A Swedish family has stepped into the growing international row over the provenance of a Gustav Klimt painting currently being exhibited at the National Gallery in London, and claimed rightful ownership of a work taken by the Nazis in 1939.

Descendants of Amalie Zuckerkandl, whose unfinished portrait is the centrepiece of Facing the Modern: The Portrait in Vienna in 1900, say they should receive the artwork when the exhibition finishes in January. Austria was awarded ownership by an arbitration panel in 2007.

The Swedes' intervention follows a report in last week's IoS that a US-based lawyer, E Randol Schoenberg, was pressing for the unfinished portrait to be returned to the Austrian family that he claims are its rightful owners.

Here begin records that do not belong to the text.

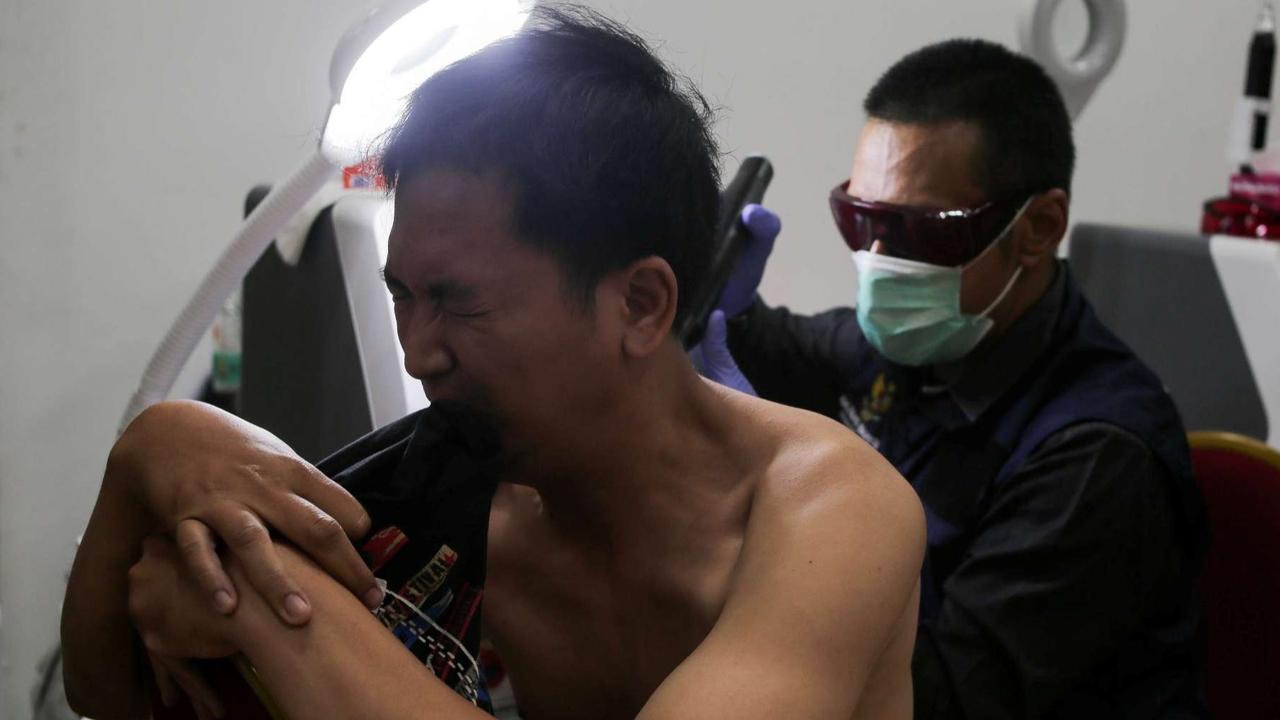 Layanan Hapus Tato Gratis di Jakarta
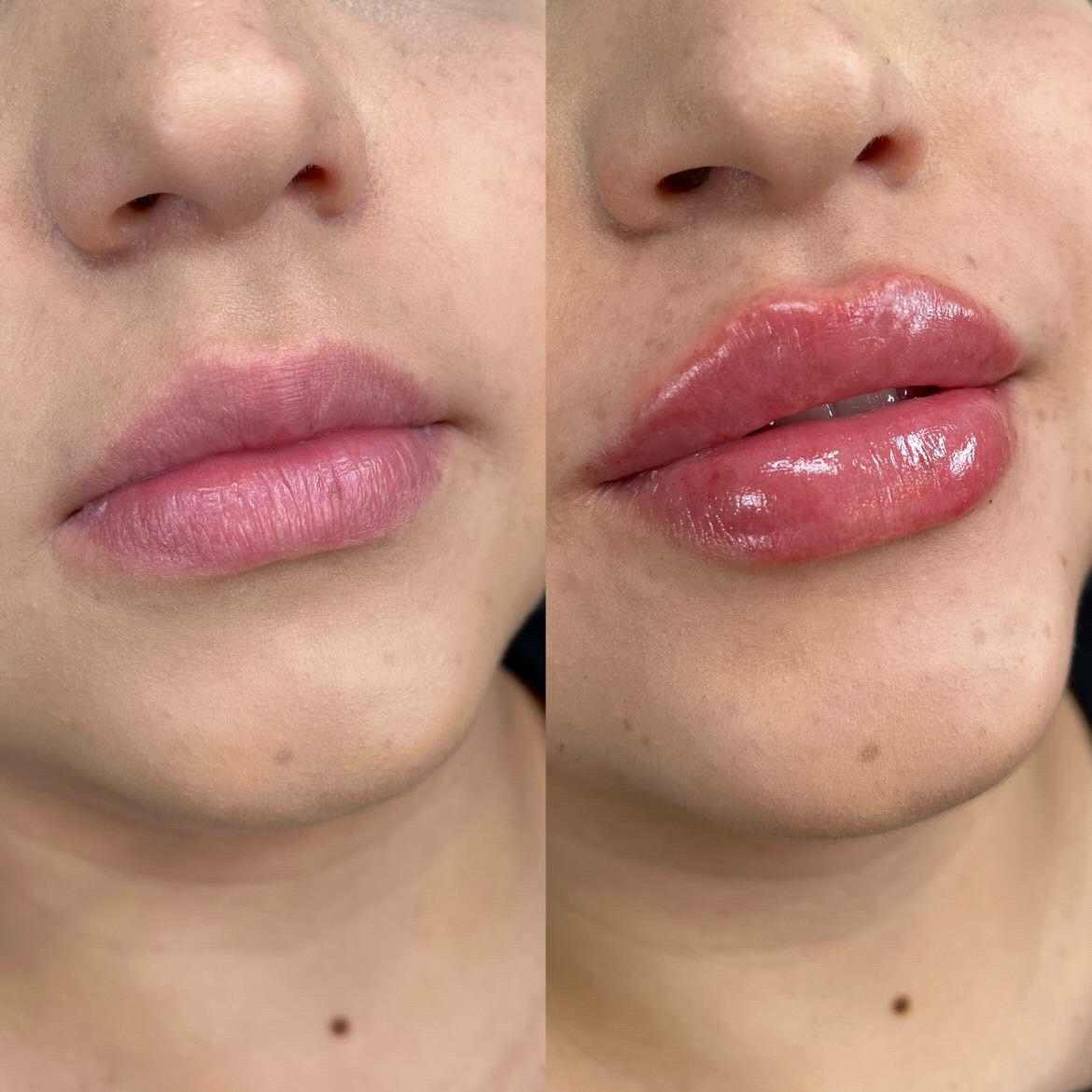 Lip Filler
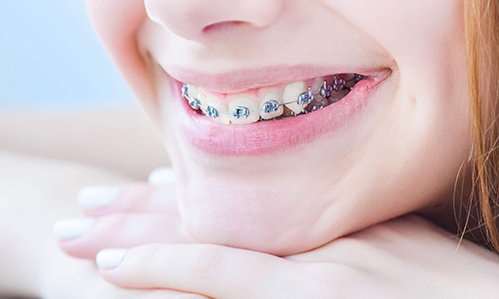 Ortodoncia y Ortopedia maxilar Convencional y Estética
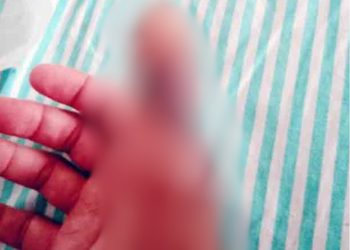 Paciente espera há quatro meses por cirurgia de dedo em Porto Velho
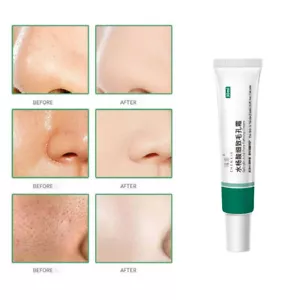 1x 30ml Salicylic Acid Cleansing Cream Acne Cream Remove Shrink Pore - Foto 1 di 12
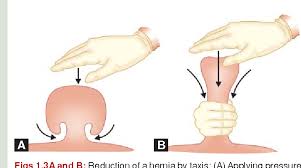 Image result for Hernia Reduction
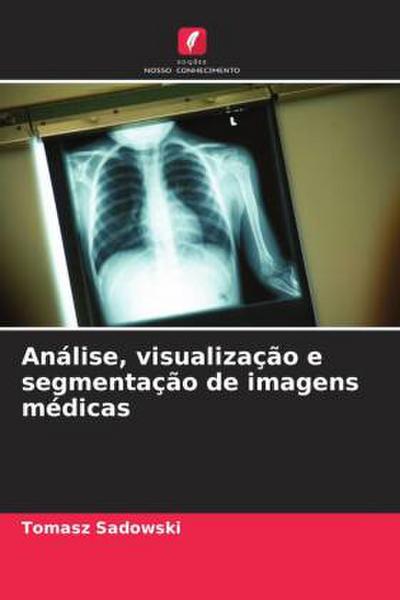 Análise, visualização e segmentação de imagens médicas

In a letter to the gallery and seen by The Independent on Sunday, Carl Magnus Lilienberg, representing the Müller Hofmanns in Stockholm, writes: "(My clients') Jewish grandmother Hermine Müller Hofmann was the daughter of Amalie Zuckerkandl. Hermine Müller Hofmann owned and possessed the painting [and] was forced to 'sell' it for an unreasonable low price to raise money to escape the Nazis."

Mr Schoenberg dismissed the claim by the Müller-Hofmann family, calling it "as laughable as the decision by the arbitration panel".